When you quote directly from the USC psychology department’s observational notes re: subject Carroll, P, please use proper citations.
by Jack Fact on Oct 7, 2009 9:10 PM EDT reply actions
Dang. The scary thing is, I am wondering where John Chavis fits on this scale. Is there a layer above (or below, depending upon your perspective) Busey? Or does that go on another scale, like the crazy scale, where entry level is the mixed uppedness of the love child of Ann Coulter and Al Franken?
by Southern Papa on Oct 8, 2009 2:51 AM EDT reply actions
I’m pretty sure that the scale increases logrithmically, if I remember right. In other words, each level is ten times crazier than the last. I would also like to pint out that Timmy loves those high school girls, he keeps gettin older, they stay the saaaame age.
by Ethan on Oct 8, 2009 6:50 AM EDT reply actions
Anyone got a picture of Tebow in pink jean shorts? We’d know for certain he’s at the Wooderon level for sure then.
by Irwin Fletcher on Oct 8, 2009 7:31 AM EDT reply actions
@27
The SI unit for craziness has long since been established as the Nutt (plural: Nuttz), named after the discoverer of the fluctuations between lucid and crazy, Houston Nutt.

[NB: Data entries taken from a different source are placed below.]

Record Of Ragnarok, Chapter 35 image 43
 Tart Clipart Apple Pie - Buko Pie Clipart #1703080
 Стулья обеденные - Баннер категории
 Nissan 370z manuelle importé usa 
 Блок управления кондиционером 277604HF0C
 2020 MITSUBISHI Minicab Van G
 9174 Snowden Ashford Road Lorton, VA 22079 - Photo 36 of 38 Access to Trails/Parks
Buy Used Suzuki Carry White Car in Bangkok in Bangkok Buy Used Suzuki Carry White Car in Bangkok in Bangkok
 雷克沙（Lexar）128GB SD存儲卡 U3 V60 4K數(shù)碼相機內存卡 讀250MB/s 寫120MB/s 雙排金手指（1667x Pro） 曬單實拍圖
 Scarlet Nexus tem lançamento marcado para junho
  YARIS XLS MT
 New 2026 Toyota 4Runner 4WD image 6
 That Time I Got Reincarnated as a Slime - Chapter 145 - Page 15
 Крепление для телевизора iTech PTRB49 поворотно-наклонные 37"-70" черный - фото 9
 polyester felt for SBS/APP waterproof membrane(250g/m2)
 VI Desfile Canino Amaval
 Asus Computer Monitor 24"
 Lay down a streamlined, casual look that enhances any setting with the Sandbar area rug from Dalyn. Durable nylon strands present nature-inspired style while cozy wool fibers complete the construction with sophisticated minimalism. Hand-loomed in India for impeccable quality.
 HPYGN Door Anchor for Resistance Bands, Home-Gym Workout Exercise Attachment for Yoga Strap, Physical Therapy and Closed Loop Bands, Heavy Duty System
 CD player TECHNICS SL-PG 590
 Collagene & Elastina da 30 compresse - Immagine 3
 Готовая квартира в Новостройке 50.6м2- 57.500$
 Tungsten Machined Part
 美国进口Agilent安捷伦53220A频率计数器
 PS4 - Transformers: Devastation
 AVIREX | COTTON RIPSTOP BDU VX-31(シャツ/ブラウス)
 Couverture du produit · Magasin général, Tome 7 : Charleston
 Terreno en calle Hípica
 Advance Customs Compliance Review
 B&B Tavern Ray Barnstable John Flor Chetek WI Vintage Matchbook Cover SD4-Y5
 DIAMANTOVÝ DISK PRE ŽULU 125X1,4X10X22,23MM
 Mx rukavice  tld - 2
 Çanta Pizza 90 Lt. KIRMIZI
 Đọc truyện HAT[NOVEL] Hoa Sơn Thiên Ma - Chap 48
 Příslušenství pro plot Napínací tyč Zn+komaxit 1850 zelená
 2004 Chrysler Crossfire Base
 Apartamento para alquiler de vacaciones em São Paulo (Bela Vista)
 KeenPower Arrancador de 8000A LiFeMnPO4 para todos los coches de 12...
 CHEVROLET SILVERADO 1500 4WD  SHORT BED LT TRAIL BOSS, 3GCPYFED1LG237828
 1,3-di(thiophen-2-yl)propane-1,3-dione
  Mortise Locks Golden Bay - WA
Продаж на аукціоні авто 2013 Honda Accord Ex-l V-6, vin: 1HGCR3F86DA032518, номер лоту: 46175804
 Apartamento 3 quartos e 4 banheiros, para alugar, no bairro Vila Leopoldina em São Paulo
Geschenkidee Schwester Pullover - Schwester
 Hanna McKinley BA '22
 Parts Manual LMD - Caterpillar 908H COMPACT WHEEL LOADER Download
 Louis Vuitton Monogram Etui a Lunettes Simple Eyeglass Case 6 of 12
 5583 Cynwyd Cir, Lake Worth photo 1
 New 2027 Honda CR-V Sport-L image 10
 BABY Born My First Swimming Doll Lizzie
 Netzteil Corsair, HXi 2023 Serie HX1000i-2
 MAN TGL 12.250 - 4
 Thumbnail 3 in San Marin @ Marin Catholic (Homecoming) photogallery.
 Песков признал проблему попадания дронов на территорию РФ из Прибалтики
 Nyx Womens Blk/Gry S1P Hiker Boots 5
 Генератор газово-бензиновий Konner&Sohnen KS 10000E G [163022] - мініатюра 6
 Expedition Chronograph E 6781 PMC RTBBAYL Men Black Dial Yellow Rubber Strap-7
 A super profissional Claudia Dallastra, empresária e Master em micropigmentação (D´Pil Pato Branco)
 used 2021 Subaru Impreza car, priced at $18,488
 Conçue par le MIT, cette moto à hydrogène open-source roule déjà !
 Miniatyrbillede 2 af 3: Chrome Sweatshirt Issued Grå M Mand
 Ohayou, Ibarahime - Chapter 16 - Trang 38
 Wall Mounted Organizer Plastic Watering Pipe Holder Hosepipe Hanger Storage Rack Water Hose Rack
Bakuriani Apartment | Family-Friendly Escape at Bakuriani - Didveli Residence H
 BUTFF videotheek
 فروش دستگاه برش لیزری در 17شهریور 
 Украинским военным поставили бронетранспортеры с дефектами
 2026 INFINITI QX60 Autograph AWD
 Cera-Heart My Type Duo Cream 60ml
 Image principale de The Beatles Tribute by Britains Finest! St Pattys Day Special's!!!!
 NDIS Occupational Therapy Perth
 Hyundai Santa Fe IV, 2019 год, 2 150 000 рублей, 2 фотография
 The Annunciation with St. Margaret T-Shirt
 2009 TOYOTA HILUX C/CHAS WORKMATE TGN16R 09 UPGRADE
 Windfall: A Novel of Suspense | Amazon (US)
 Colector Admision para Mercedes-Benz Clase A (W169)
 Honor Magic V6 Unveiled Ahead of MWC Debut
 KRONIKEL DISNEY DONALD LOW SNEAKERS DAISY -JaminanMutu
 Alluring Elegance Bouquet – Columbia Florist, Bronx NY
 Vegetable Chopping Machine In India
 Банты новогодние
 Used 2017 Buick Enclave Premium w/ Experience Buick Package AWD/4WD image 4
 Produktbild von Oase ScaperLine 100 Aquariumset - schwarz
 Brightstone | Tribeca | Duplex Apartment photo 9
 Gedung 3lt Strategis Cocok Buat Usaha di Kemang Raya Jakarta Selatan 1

One Nutt is defined as the amount of crazy relased when one (1) weasel is confined to one(1) sack. The Weasel-Sack Scale follows the SI system of scientific notation for increasing orders of magnitude.
The Weasel-Sack Scale serves as the normalization for all other levels of lucid and crazy, and the rapid fluctuations between. For example, on an average game day, Mike Leach registers 3 Kilo-Nuttz. By contrast, Chris Fowler can be classified on the order of Micro-Nuttz.
The highest recorded measurement on the Weasel-Sack Scale was recorded on October 20, 2007 when Les Miles reached 778Mega-Nuttz by throwing for the endzone, while down by one point to Auburn, but well within field goal range.
by CincySooner on Oct 8, 2009 9:58 AM EDT reply actions
carl everett thinks this scale is flawed. keyboard cat is not in the bible and therefore did not exist.
the bible does, however, frequently mention gary busey. at least the one i have does.
by ed on Oct 8, 2009 11:07 AM EDT reply actions
I’m surprised no one has made a Keyboard Cat of Tebow getting sacked/concussed…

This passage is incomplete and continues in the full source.